We use merge statement  when we have to merge data from the source table to the target table. Based on the condition specified it will Insert, Update and Delete rows in the targeted table all within the same statement. Merge statement is very useful when we have large data tables to load, especially when specific actions to be taken when rows are matching and when they are not matching.
 
The statement has many practical uses in both online transaction processing (OLTP) scenarios and in data warehousing ones. As an example of an OLTP use case, suppose that you have a table that isn’t updated directly by your application and instead, you get a delta of changes periodically from an external system. You first load the delta of changes into a staging table and then use the staging table as the source for the merge operation into the target. 
 
The below diagram shows the source table and target table with corresponding actions: Insert, Delete and Update 
 
Merge Statement In SQL
It shows three use cases,
  1. When the source table has some rows matching that do not exist in the target table, then we have to insert these rows to the target table.
  2. When the target table has some rows that do not exist in the source table, then we have to delete these rows from the target table.
  3. When the source table has some keys matching keys with the target table, then we need to update the rows in a targeted table with the values coming from the source table.
Below is the basic structure of the Merge statement,
  1. MERGE INTO <target_table> AS TGT USING <source_table> AS SRC    
  2. ON <merge_condition>    
  3. WHEN MATCHED    
  4.     THEN update_statement    -- When we have a key matching row
  5. WHEN NOT MATCHED    
  6.     THEN insert_statement    -- when row exists in the source table and doesn't exist in the target table
  7. WHEN NOT MATCHED BY SOURCE    
  8.     THEN DELETE;             -- Row doesn't exist in the source table
Consider the below example,
 
It is very easy to understand the merging concept here.

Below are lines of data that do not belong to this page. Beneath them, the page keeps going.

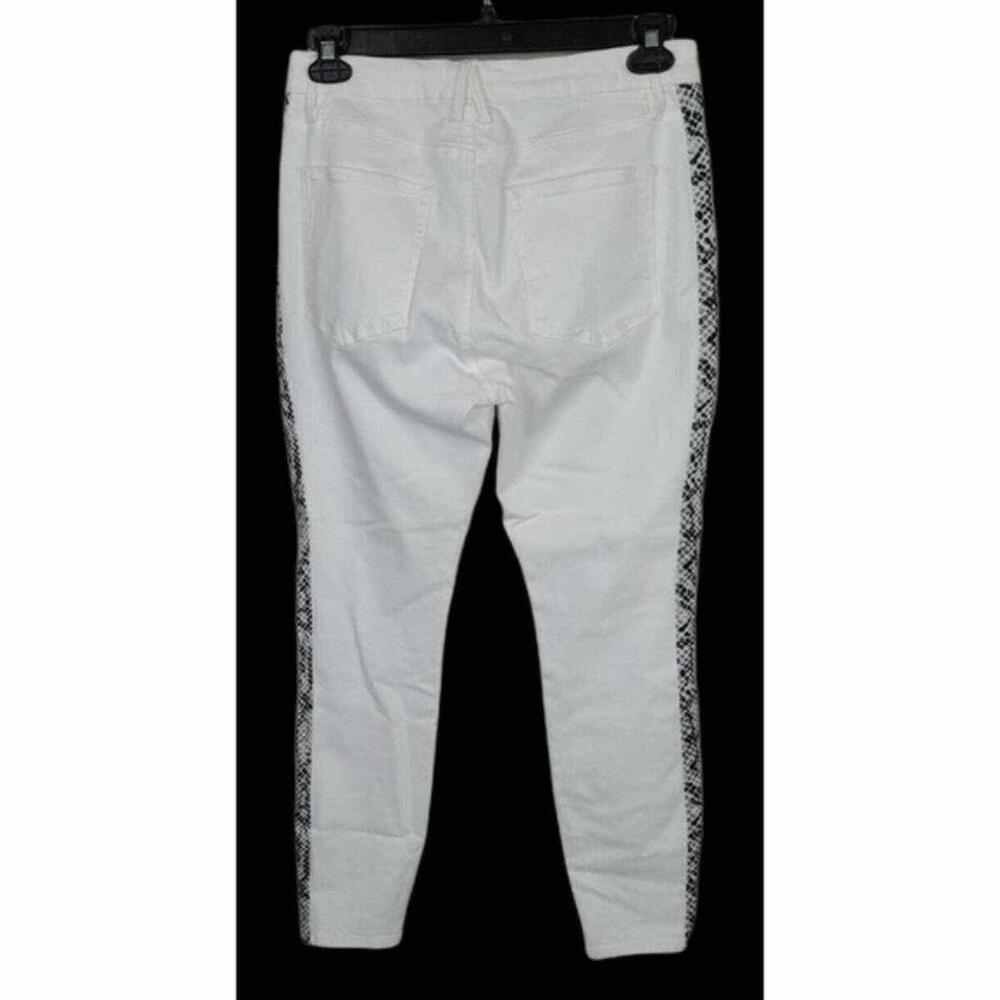 nwt GOOD AMERICAN GOOD LEGS HIGH WAIST SNAKE STRIPE TUX JEANS SZ 15/ 33 ( - Picture 3 of 5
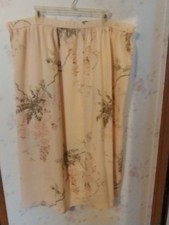 Vintage Koret Pleated Midi Skirt Womens Sz. 22 Pastel Floral 80's Romantic Pink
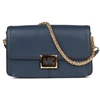 Image de Michael Kors - Sac bandoulière en Cuir Sonia East West bleu marine - 25x16x5 cm OS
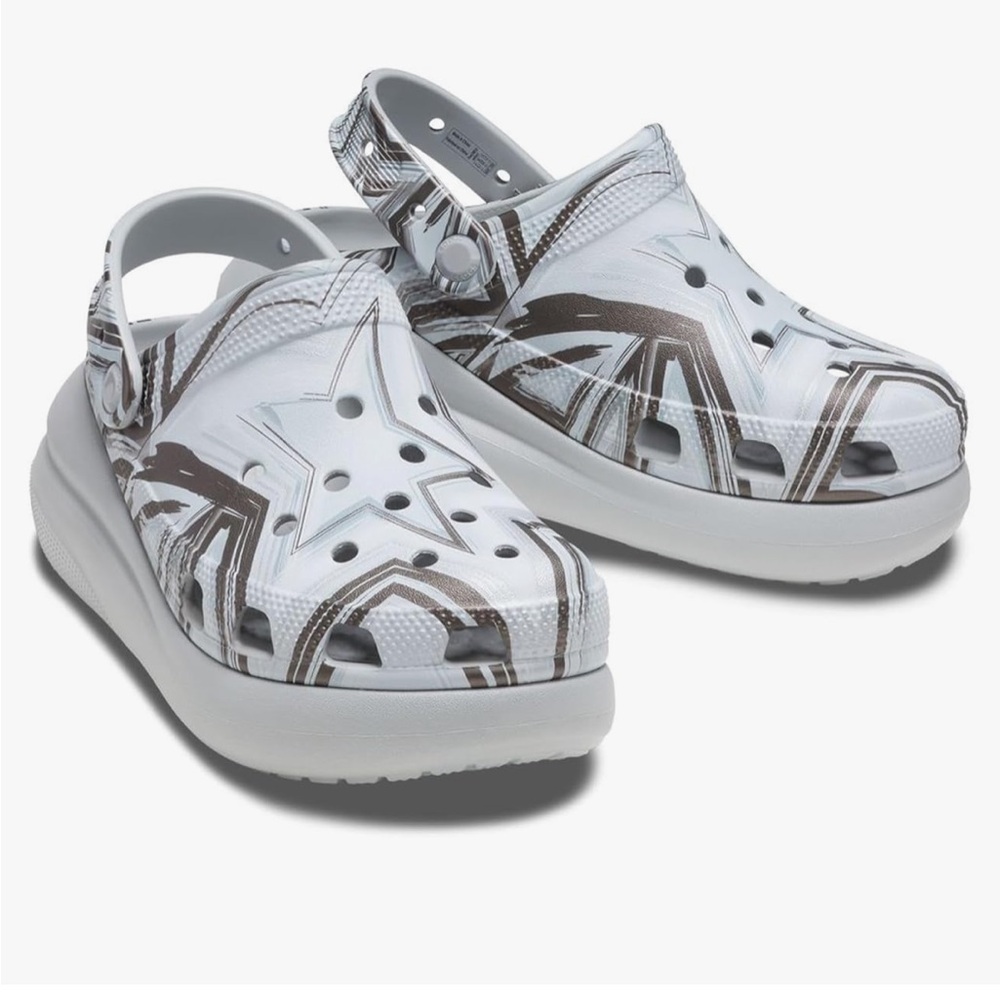 Crocs Women's Classic Crush Clogs Platform Shoes In excellent condition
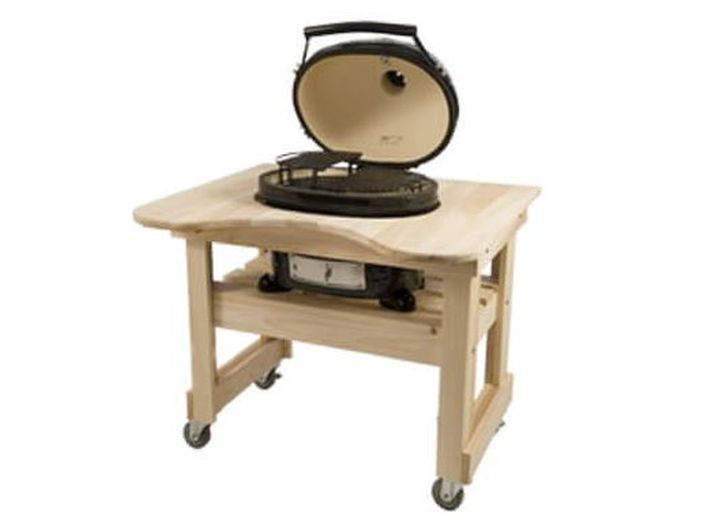 PRIMO CYPRESS GRILL TABLE FOR PRIMO X-LARGE OVAL CERAMIC CHARCOAL GRILL HEAD
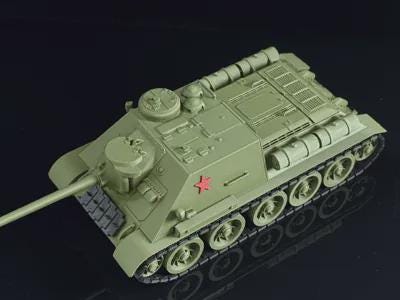 1:35 Scale SU-100 Tank Destroyer T34 Modular Kit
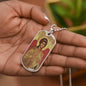 Archangel Michael miltary necklace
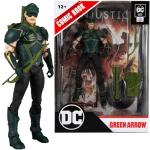McFarlane Toys – Figurine Green Arrow de 17,8 cm – Figurines DC Multiverse – Jouets Batman – Bande dessinée Batman à Collectionner à l'intérieur – 22 pièces Mobiles – Carte d'art à Collectionner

We have two tables, the source table and a target table. The Source table has a new price for fruits [ex: Orange rate changed from 15.00 to 25.00] and also new fruits arrived at the store. When we merge we are deleting a few rows which do not exist in the source table.
 
Merge Statement In SQL
 
Code to merge tables.
  1. MERGE INTO Fruits WITH(SERIALIZABLE)
  2. USING source s 
  3. ON (s.id = f.id) 
  4. WHEN MATCHED 
  5. THEN UPDATE SET 
  6. f.name= s.name, 
  7. f.amount = s.amount 
  8. WHEN NOT MATCHED BY TARGET 
  9. THEN INSERT (id, name, amount) VALUES (s.id, s.name, s.amount) 
  10. WHEN NOT MATCHED BY SOURCE 
  11. THEN DELETE

  12. SELECT @@ROWCOUNT; 
  13. GO
Important Merge Conflict
 
Suppose that a certain key K doesn’t yet exist in the target table. Two processes, P1 and P2, run a MERGE statement such as the previous one at the same time with the same source key K. It is normally possible for the MERGE statement issued by P1 to insert a new row with the key K between the points in time when the MERGE statement issued by P2 checks whether the target already has that key and inserts rows. In such a case, the MERGE statement issued by P2 fails due to a primary key violation. To prevent such a failure, use the hint SERIALIZABLE or HOLDLOCK (both have equivalent meanings) against the target as shown in the previous statement. This hint means that the statement uses a serializable isolation level to serialize access to the data, meaning that once you get access to the data, it’s as if you’re the only one interacting with it.
 

Summary

 
In this article, we learned how a Merge statement improves performance by reading and processing data in a single query. There is no need to write three different statements. This will avoid multiple I/O operations from the disk for each of three statements individually because now data is read only once from the source table.